RECORD EXCERPTS

--

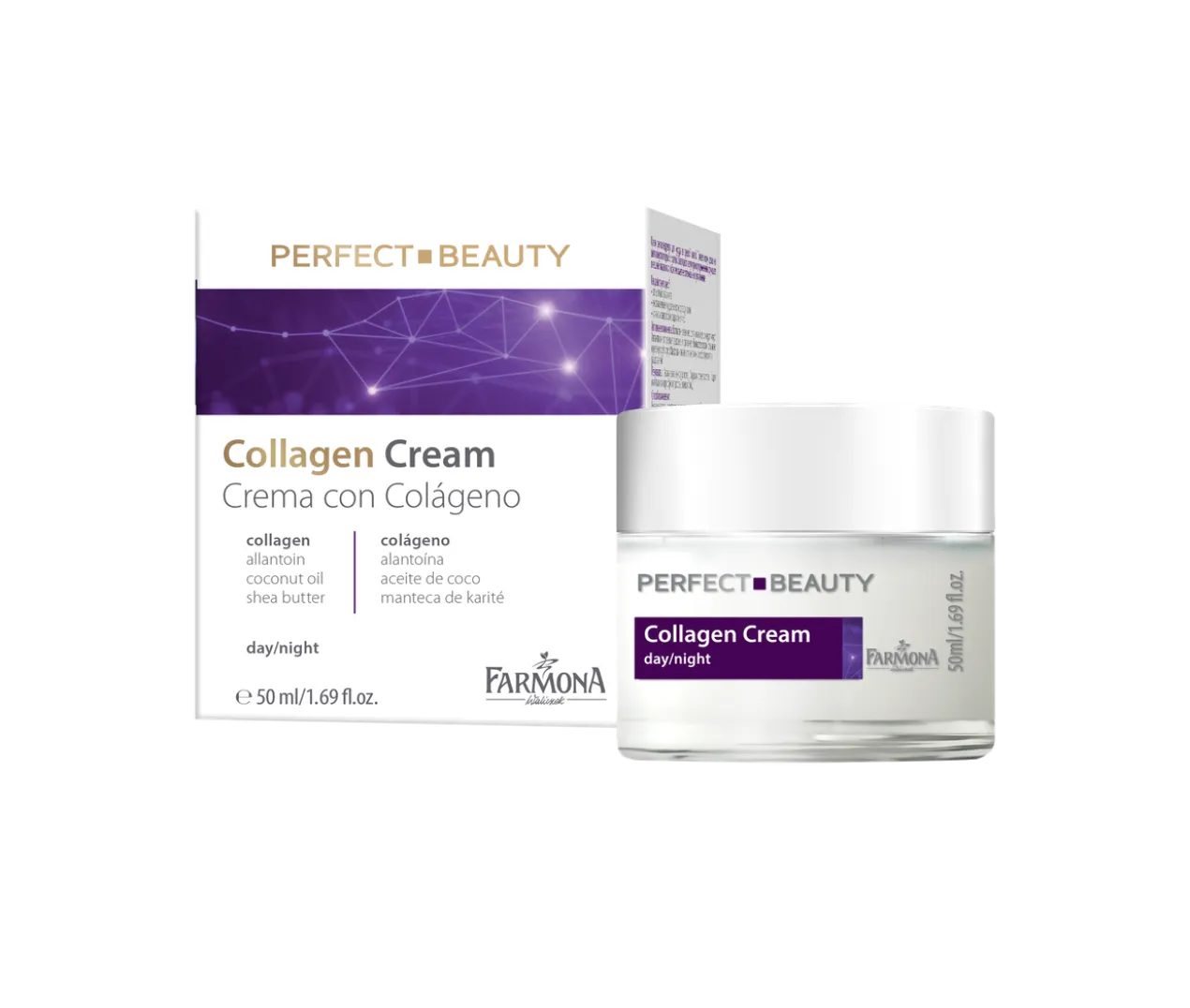 Perfect Beauty Crème Visage Jour et Nuit au Collagène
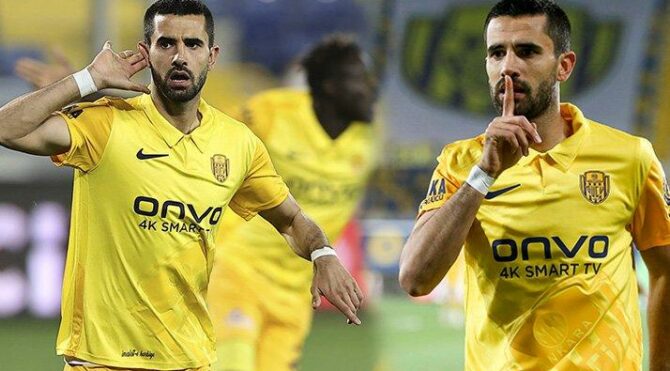‘Sus’ işareti yapan Alper Potuk’a Fenerbahçeli taraftarlardan büyük tepki
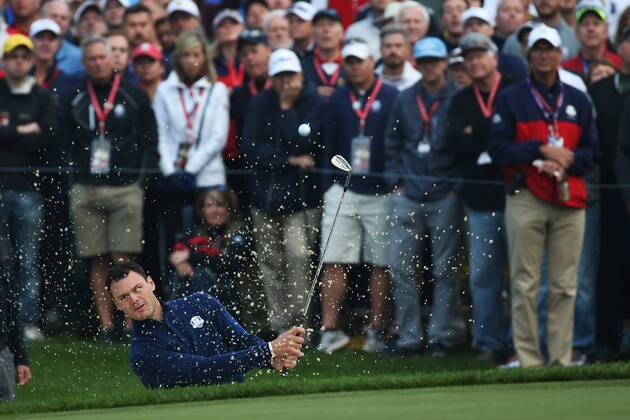 GOLF - Ryder Cup 2016 CHASKA,MINNESOTA,USA,30.SEP.16 - GOLF - Ryder Cup, Hazeltine National Golf Club. Image shows Martin Kaymer (GER). GEPAxpictures xDanielxGoetzhaber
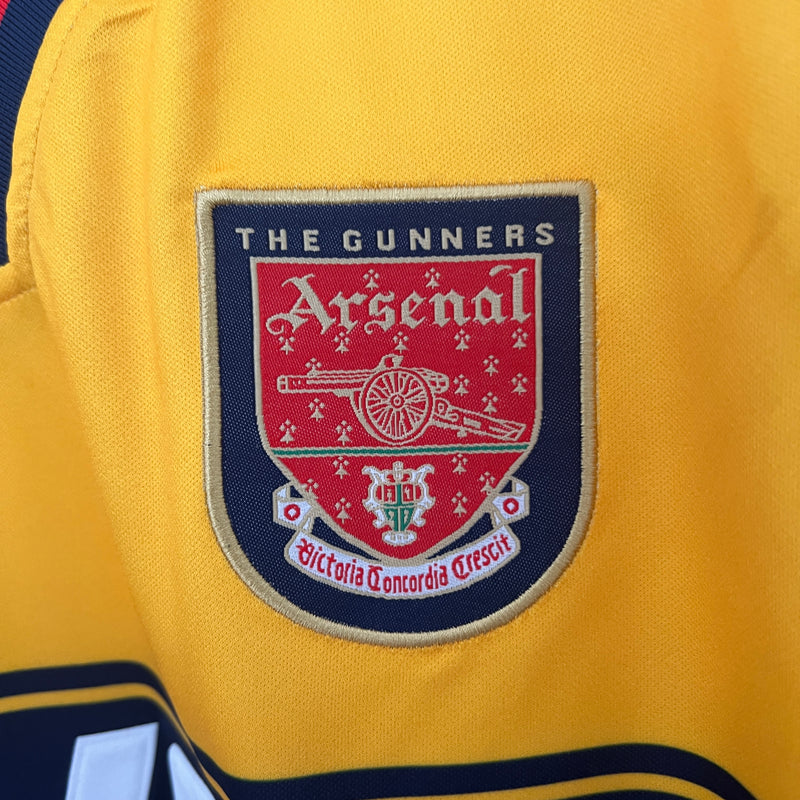 Camisa Retrô do Arsenal 1997/1999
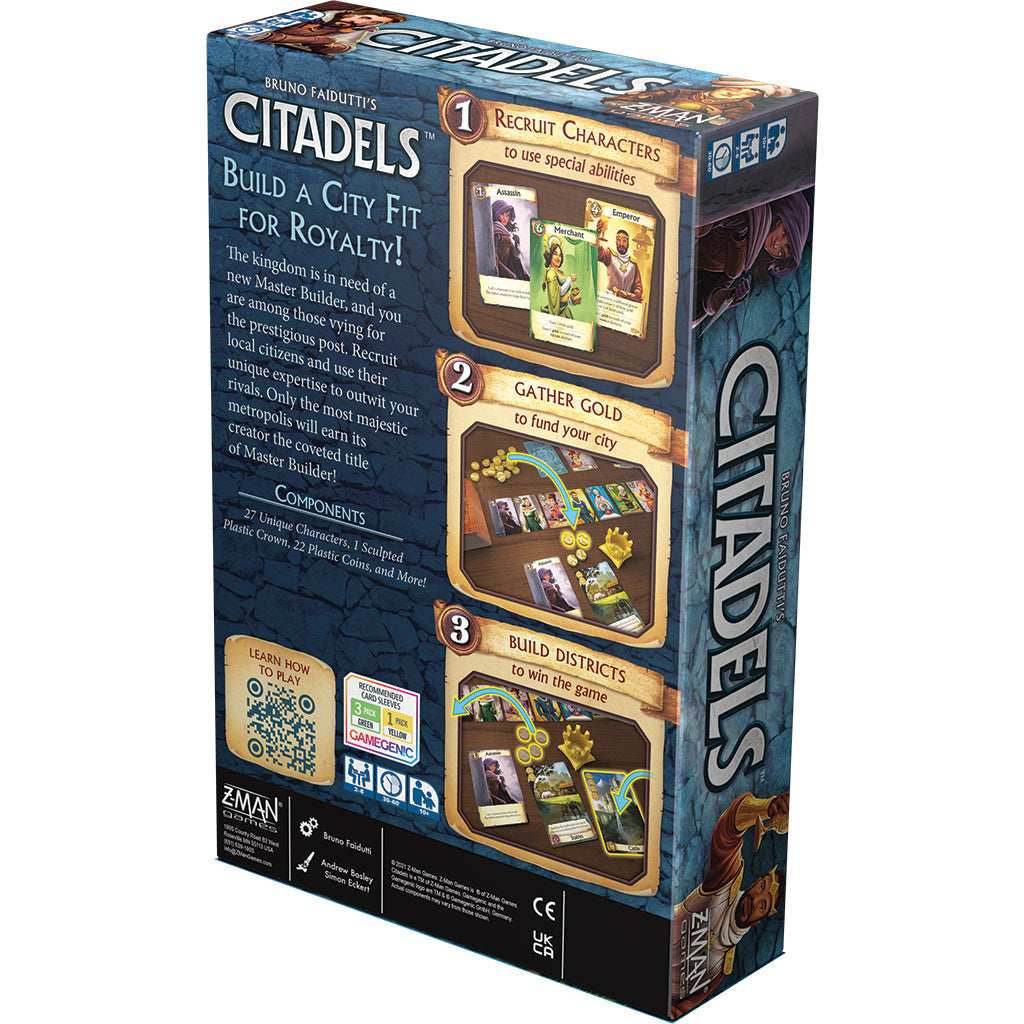 Citadels Revised Edition - 
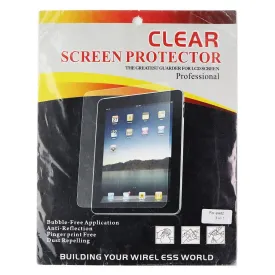 Clear Screen Protector for Apple iPad 2nd Generation - Clear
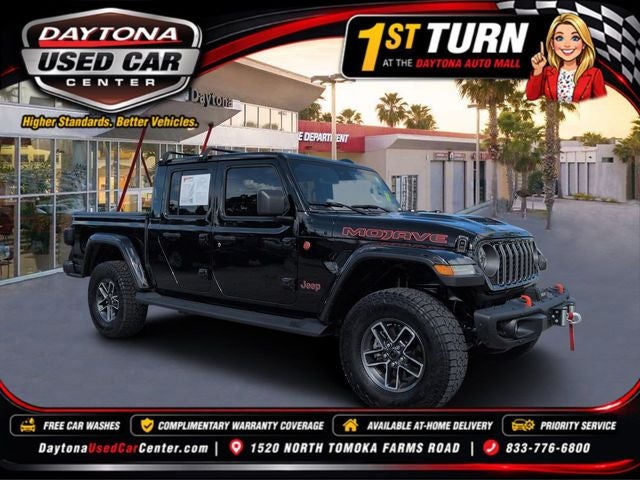 2025 Jeep Gladiator Mojave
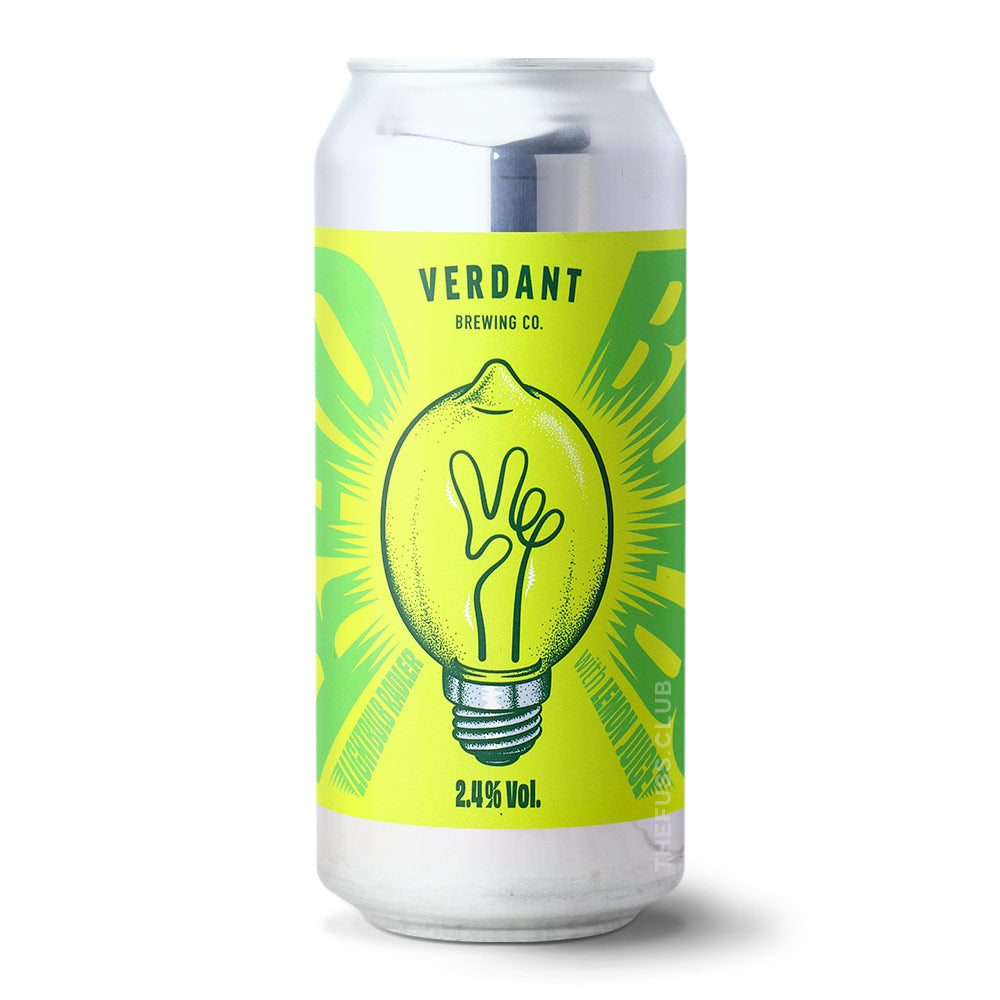 Verdant Brewing Co RadBulb Shandy / Radler craft beer home delivery UK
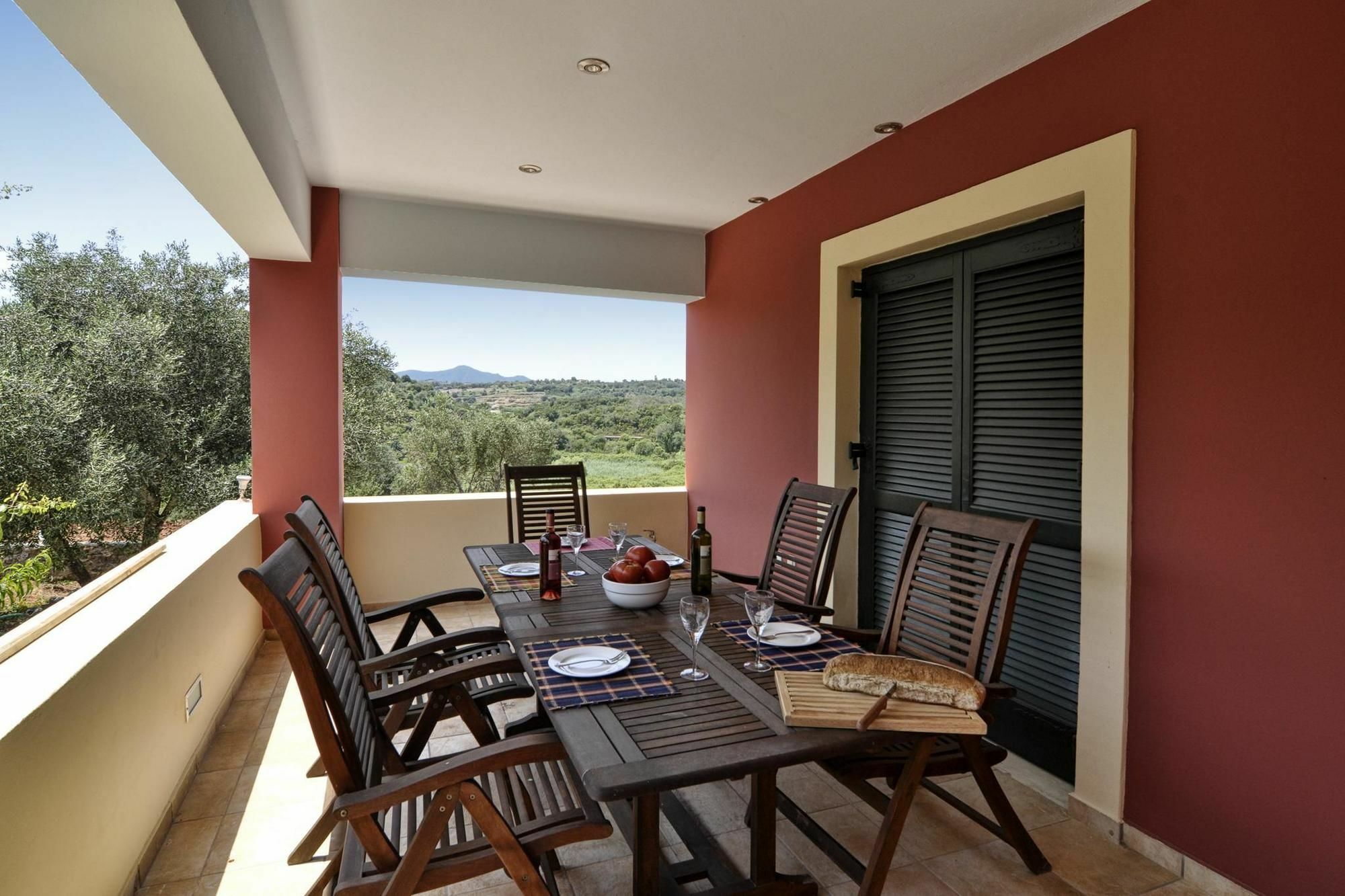 Villa Jazz Rock With Large Private Pool Gouvia Ngoại thất bức ảnh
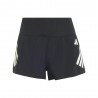 ADIDAS Pantaloncini Running Adi365 Formotion 2In1 Nero Donna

--

EXERCISE OBJECTIVE
A faithful copy is needed of the lines from the one containing "2025 Jeep Gladiator Mojave" through the last line of the data above, with pictures left out.

FINAL ANSWER
 2025 Jeep Gladiator Mojave
 Verdant Brewing Co RadBulb Shandy / Radler craft beer home delivery UK
 Villa Jazz Rock With Large Private Pool Gouvia Ngoại thất bức ảnh
 ADIDAS Pantaloncini Running Adi365 Formotion 2In1 Nero Donna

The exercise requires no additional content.